An Introduction to Sliced Optimal Transport
Khai Nguyen
TL;DR
This work surveys Sliced Optimal Transport (SOT), a framework that reduces high-dimensional OT to a family of one-dimensional problems via the Radon transform and its generalizations. It systematically builds from foundational measure theory and 1D OT to the sliced distance SW, and then surveys broad advances including generalized Radon transforms, non-Euclidean projections, product-space extensions, and efficient numerical schemes.
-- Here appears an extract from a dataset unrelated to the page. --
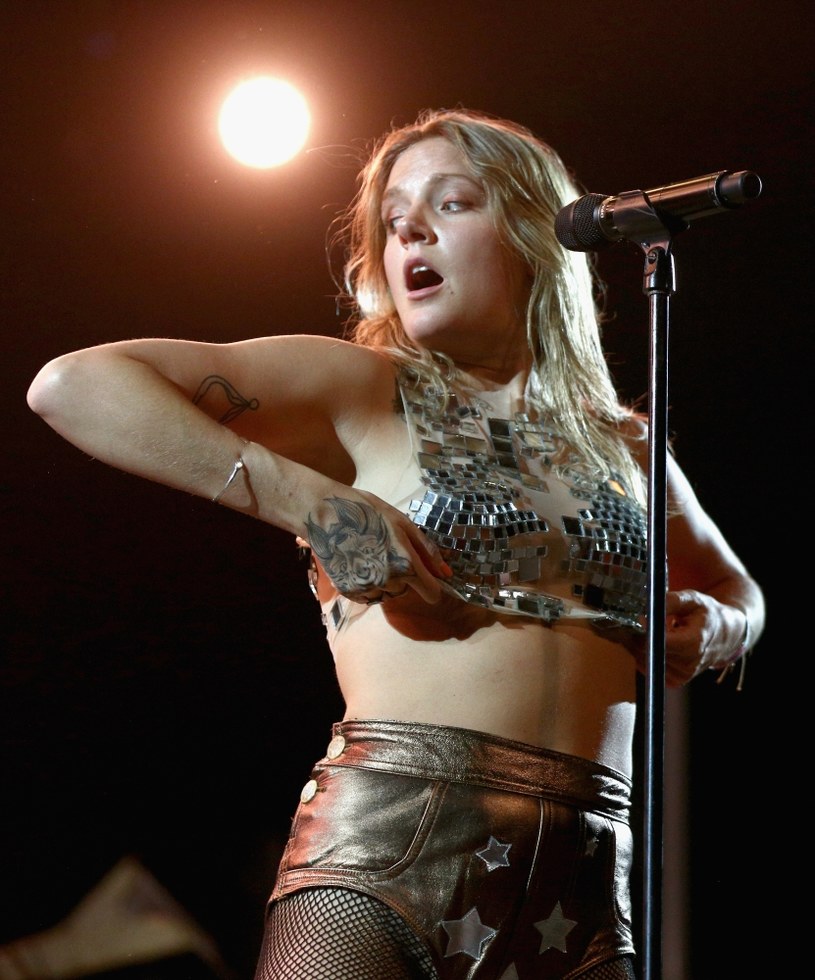 Tove Lo zaprezentowała nowy singel "Disco Tits".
The contributions cover methodological foundations, computational techniques, and variants such as GSW, PMSW, H2SW, and CHSW, with connections to transport maps like Knothe and IDT, and practical considerations for images, shapes, and manifolds. By integrating theory, algorithms, and applications, the paper highlights SOT as a scalable, flexible alternative to classical OT across ML, graphics, and data science, while outlining open questions in injectivity, transport maps, and higher-order extensions.
Abstract
Sliced Optimal Transport (SOT) is a rapidly developing branch of optimal transport (OT) that exploits the tractability of one-dimensional OT problems. By combining tools from OT, integral geometry, and computational statistics, SOT enables fast and scalable computation of distances, barycenters, and kernels for probability measures, while retaining rich geometric structure. This paper provides a comprehensive review of SOT, covering its mathematical foundations, methodological advances, computational methods, and applications. We discuss key concepts of OT and one-dimensional OT, the role of tools from integral geometry such as Radon transform in projecting measures, and statistical techniques for estimating sliced distances. The paper further explores recent methodological advances, including non-linear projections, improved Monte Carlo approximations, statistical estimation techniques for one-dimensional optimal transport, weighted slicing techniques, and transportation plan estimation methods. Variational problems, such as minimum sliced Wasserstein estimation, barycenters, gradient flows, kernel constructions, and embeddings are examined alongside extensions to unbalanced, partial, multi-marginal, and Gromov-Wasserstein settings. Applications span machine learning, statistics, computer graphics and computer visions, highlighting SOT's versatility as a practical computational tool. This work will be of interest to researchers and practitioners in machine learning, data sciences, and computational disciplines seeking efficient alternatives to classical OT.